In the realm of internet marketing, one can not with impunity ignore Google and it’s pay-per-click search listings known only as “AdWords”. Optimization of your Google AdWords campaign is critical to surviving and can save you untold thousands. There are many tips and tricks you can find about AdWords optimization, most of them are worth looking into. In my experience though, the best boost our AdWords campaign ever got was the placement of the Google Checkout badge beneath our ads.
You can find the complete rules and guide lines for getting Google Checkout badges displayed under your ads here. They are a few in number, but the reward is well worth it.
Most of the requirements are straightforward, and have some common sense. There were a few, however, that confused us when we decided to get the badges on our ads. There were these:
- Place Google Checkout buttons before your login pages
Buyers should only have to provide their login, purchasing, billing and shipping addresses, phone numbers, and any other information once. If you require users to register or sign in to your site, you must ensure Google Checkout and Buy Now buttons are available before the login process so buyers are able to check out with Google Checkout without having to log in. You may still track visits and personalize pages using cookies.
- Direct buyers quickly to Google
Buyers who click the Google Checkout button on your site should see the Google Checkout confirmation page within one second and without seeing any intermediate pages.
What it seemed to us, and what it appears to mean, is that all customer information is maintained and billing is done exclusively by and through Google. That works great in retail sales of individual items. It doesn’t work at all for repeating, continual services like the web hosting we do. So it seemed like Google’s Badges were not to be ours.
However, to our pleasant surprise, Google placed the badges on our ads as soon as we got several transactions using Google Checkout completed. So don’t fret too much about those two requirements, it seems they are more guidelines than rules. Follow them if you can, we don’t want to abuse the system, but don’t throw the badges idea out just because you need to gather user information and logins.

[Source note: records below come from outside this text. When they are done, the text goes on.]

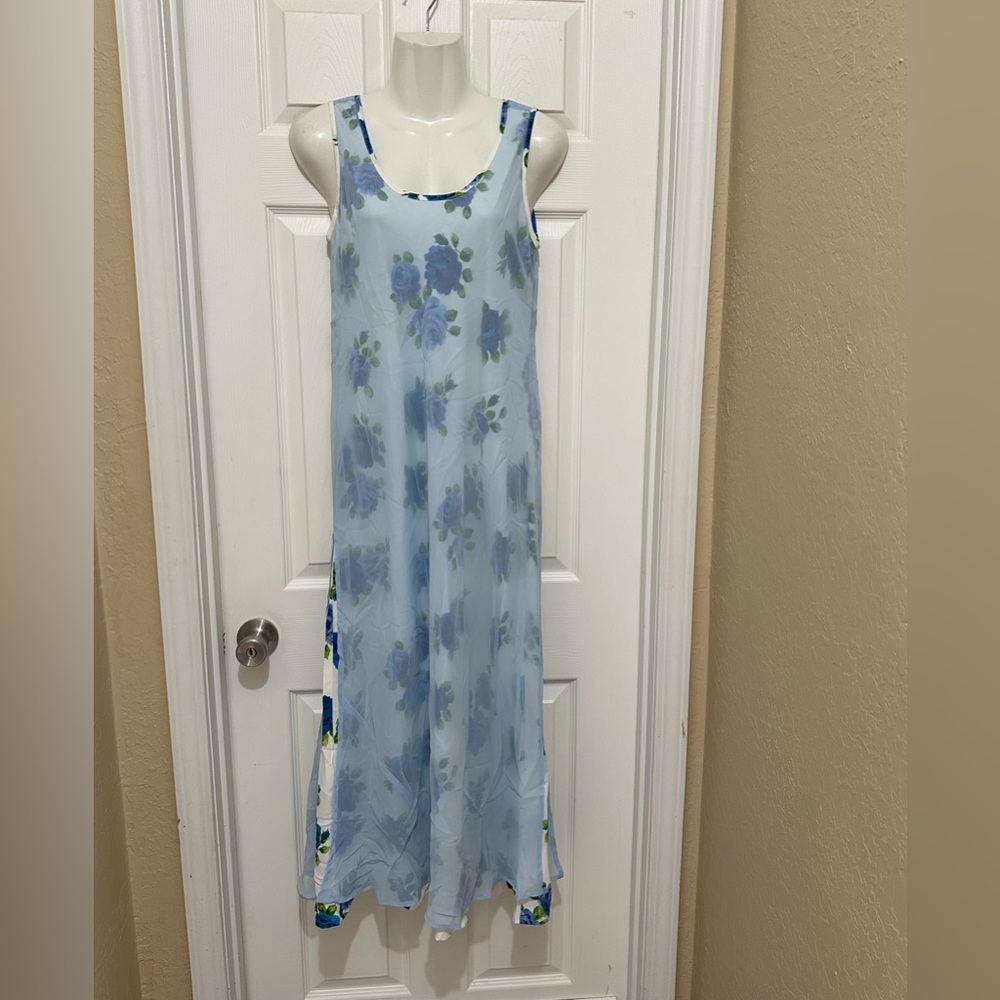 Vintage Women Express double layer Floral Sheer slip fairy Maxi Dress size 5/6!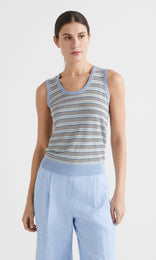 Linea Tank Blue/Navy/Ivory/Lime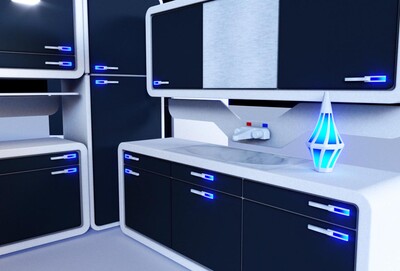 1,一组次世代科幻厨房和卫生间家具,未来厨卫,马桶,洗手间等,淋浴间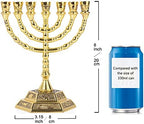 BRTAGG 12 Tribes of Israel Menorah, Jerusalem Temple 7 Branch Jewish Candle Holder (8 Inches, Gold) - Image 3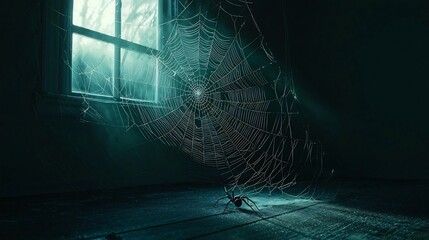 Intricate Spider Web Glistening in Dimly Lit Corner   Nature s Beauty and Fear Concept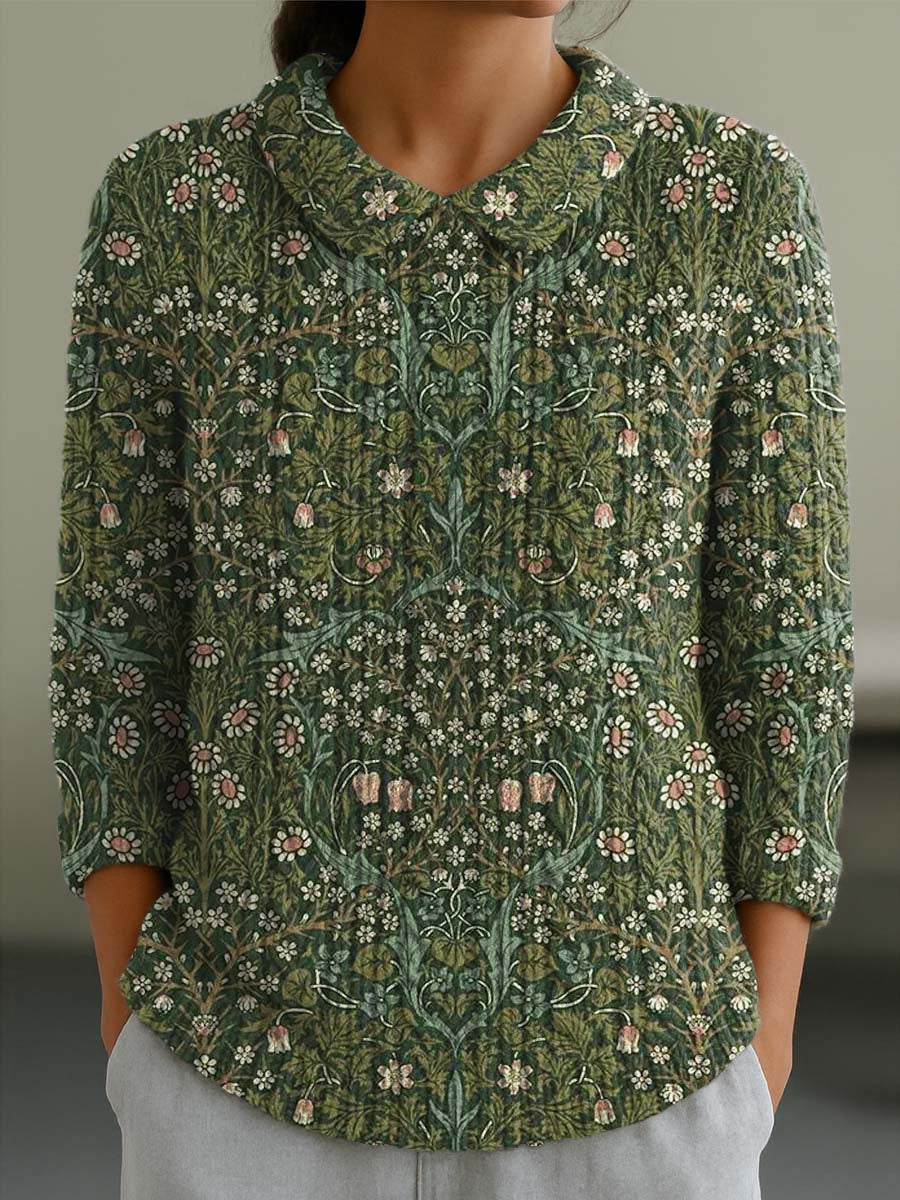 womens-vintage-floral-art-print-casual-peter-pan-collar-3-4-sleeve-sweater-sx5l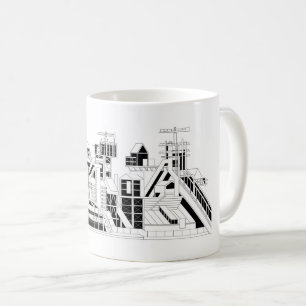 Caneca De Café Combinação Metalúrgica Industrial Silhueta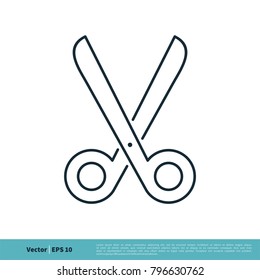 Scissor Icon Vector Logo Template Illustration Design. Vector EPS 10.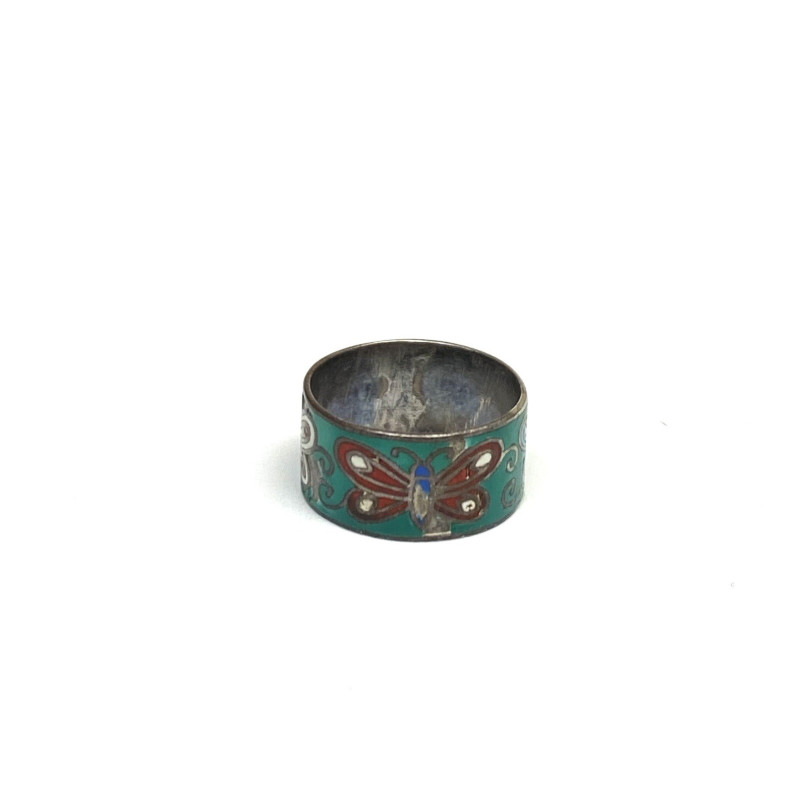 Antique Thailand Sterling Silver Green Multicolored Designed w/ Butterflies Ring Antique Thailand Sterling Silver Green Multicolored Designed w/ Butterflies Ring
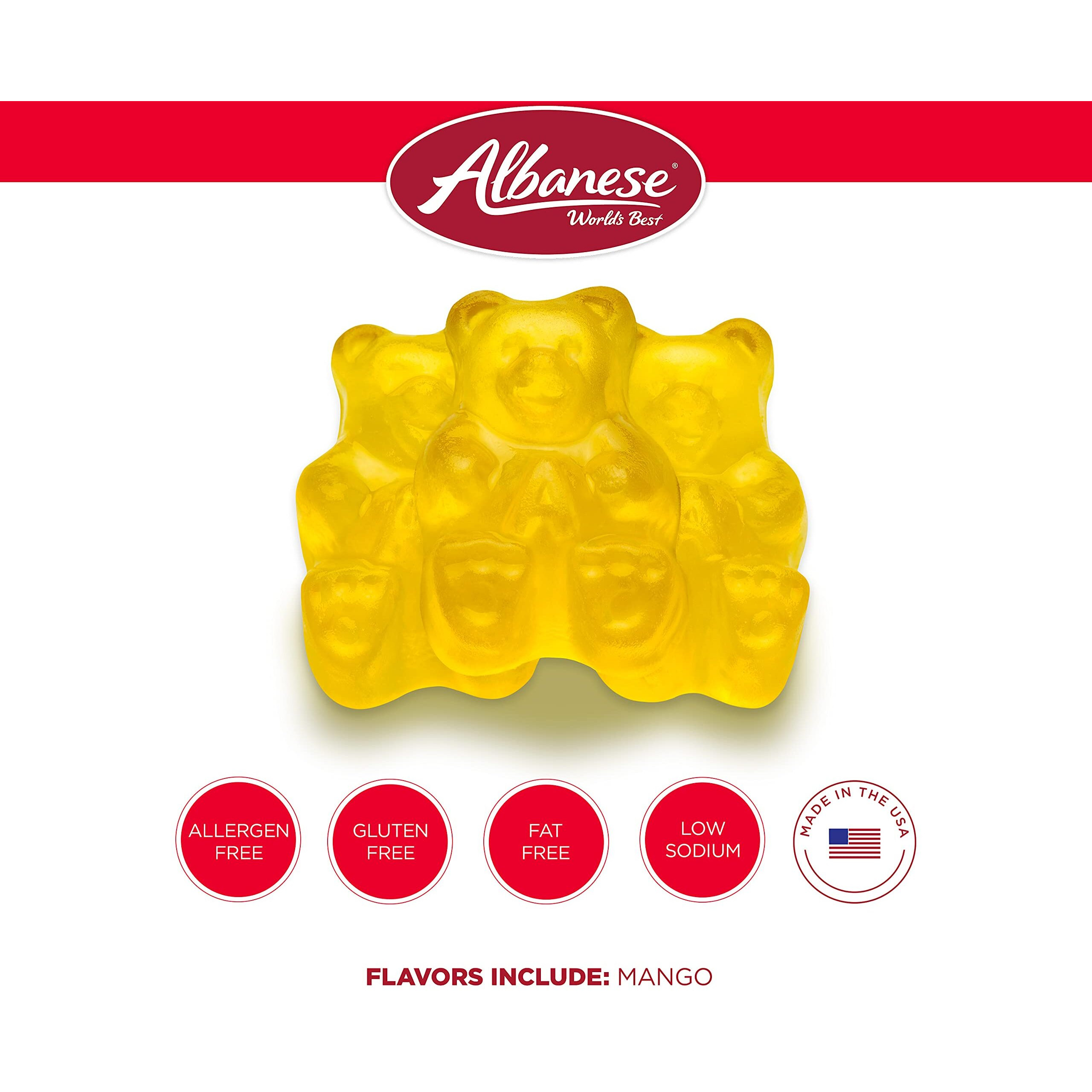 Albanese World's Best Mango Gummi Bears, 5Lbs Of Candy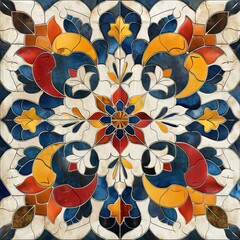 A colorful tile mosaic with a flower design. The tile is blue, red, and yellow. Scene is vibrant and lively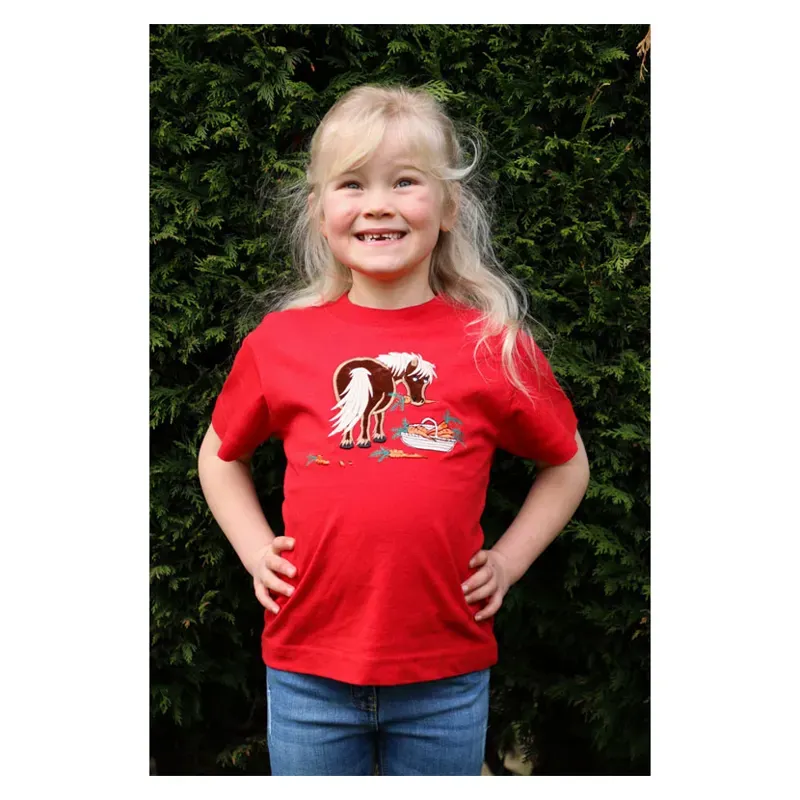 British Country Collection Age 1-2 Carrot Pony Childrens T-Shirt in Red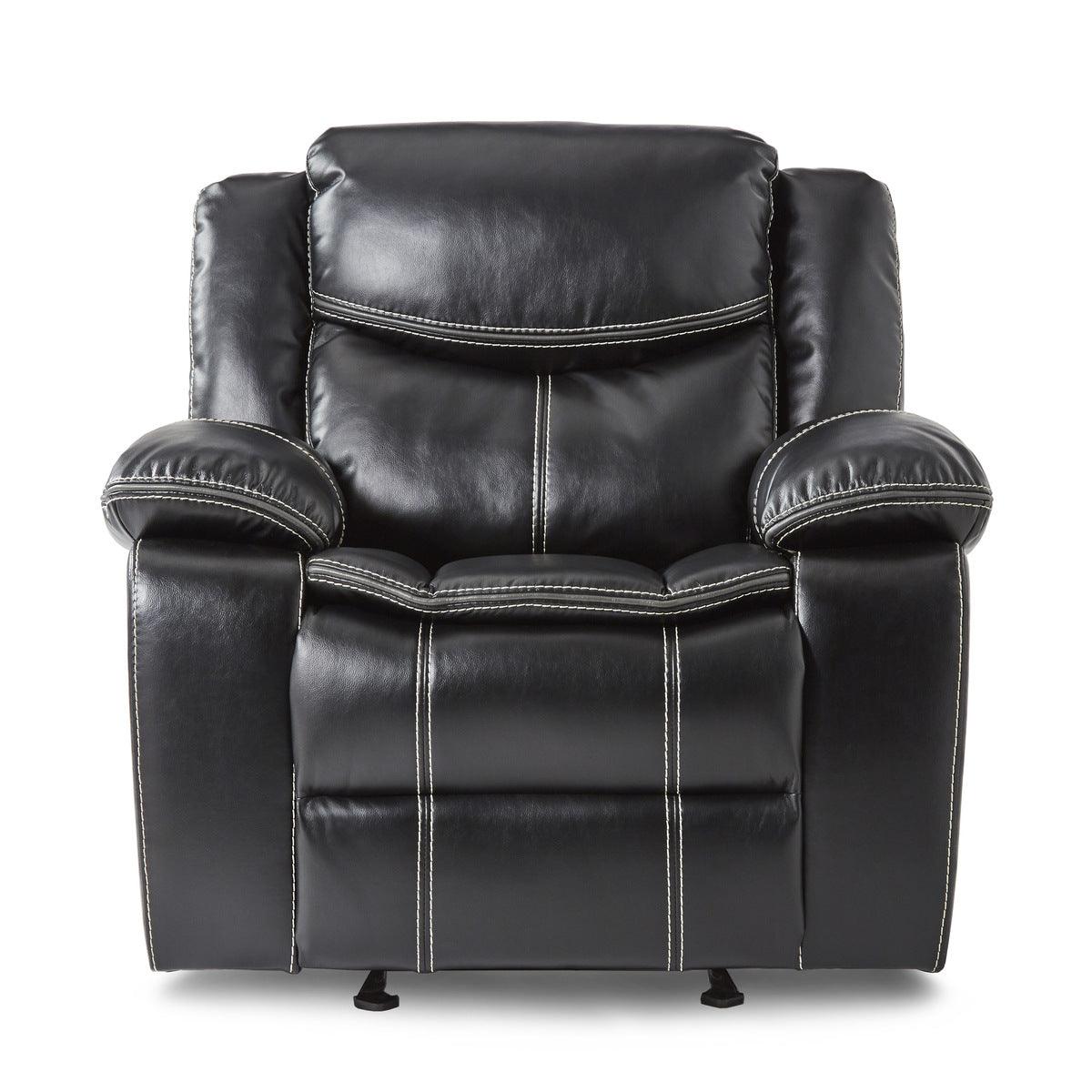 Bastrop Black Faux Leather Glider Reclining Chair front view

Just to give an idea, our Google AdWords campaign was getting about a 2-3% click through rate before, which isn’t bad. After we put the badges up, we started getting 5-6%, double our previous click through rate. We didn’t see too much of an increase in Google Checkout money coming in, although (since Google cuts you a BIG break in processing fees if you spend money in AdWords) we wish they would! So they aren’t clicking just so they can use Google Checkout, their eyes are drawn naturally to a graphic on the otherwise text-only Google Search Results Page. For example:
And it even works well for the side ads, as with here:
Notice how you can’t help but look at the ad with the Google Checkout Badge? It’s extremely powerful! Use it!